Friday, December 4, 2009

Why I Won't Cancel My Ticket Plan

I received an invoice from the Mets a little over a week ago. Enclosed was a letter from the Mets, stating the obvious - they knew 2009 was an awful season all around, they knew that we knew, and they pledged to make 2010 better. I didn't believe them. Not because I think they're lying or being disingenuous, but because they can't tell the future.

If the Mets or anyone else could tell the future, the team would've been prepared for the rash of injuries that destroyed the roster last season. I appreciate the team's attempt at apologizing and promising better times, but I knew it wouldn't be something that swayed my decision - since my decision was already made.

I never once pondered the idea of not renewing my ticket plan. I've had a partial (Saturday) ticket plan with the Mets since the 2001 season. No, I wasn't a bandwagon fan who jumped on board after the 2000 World Series trip. I was a 17 year old who had finally convinced my father to purchase a ticket plan (2 seats in Loge Reserved, Row A between third base and left field) and come to the games with me.
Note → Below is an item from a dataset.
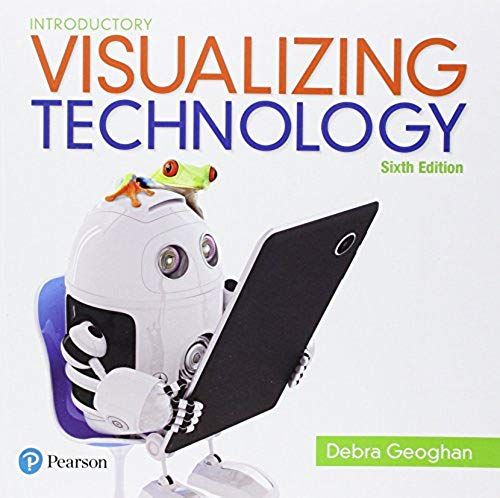 Visualizing Technology Introductory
For nine seasons, we cherished those seats in Loge Reserved. We made friends with most of the other plan holders who sat around us, and made enemies with the fairweather fans who came into our section and pissed us off. We imitated the vendors - everyone from the guy with the awful toupee, to the soda vendor who pronounced pepsi as "petsee," to the guy who sweated into his beer. The games were sometimes great and sometimes awful, but usually fell somewhere inbetween.

It was more than the games, though. It was knowing that any time the Mets were home on a Saturday, we would be there. For all the arguments fathers and sons have, there would never be one that took place at a Mets game. It was a time to sit in the sun, cheer for your team, curse a little, laugh a lot, and throw back a few. In 2007, when my father eventually got tired of dealing with all the traffic we had to sit in to and from the games, my friend Jeff bought his ticket and we split the plan until Shea Stadium was demolished after the 2008 season. Our last Saturday game at Shea was Johan's masterpiece against the Marlins that kept the Mets alive.

As the offseason before 2009 went on, we agonized over whether or not we would be offered a ticket plan in new Citi Field. We eventually were, but it was different than the one we had at Shea. Instaed of 13 Saturday games, we received 10 Saturday games and 5 weeknight games. This change was a problem for some, but since I work in the Bronx and my friend Jeff works in Manhattan, it wasn't a big deal meeting up after work to head to the weeknight games. We of course decided to get the plan, and our friend Charles came in with us and bought a 3rd ticket.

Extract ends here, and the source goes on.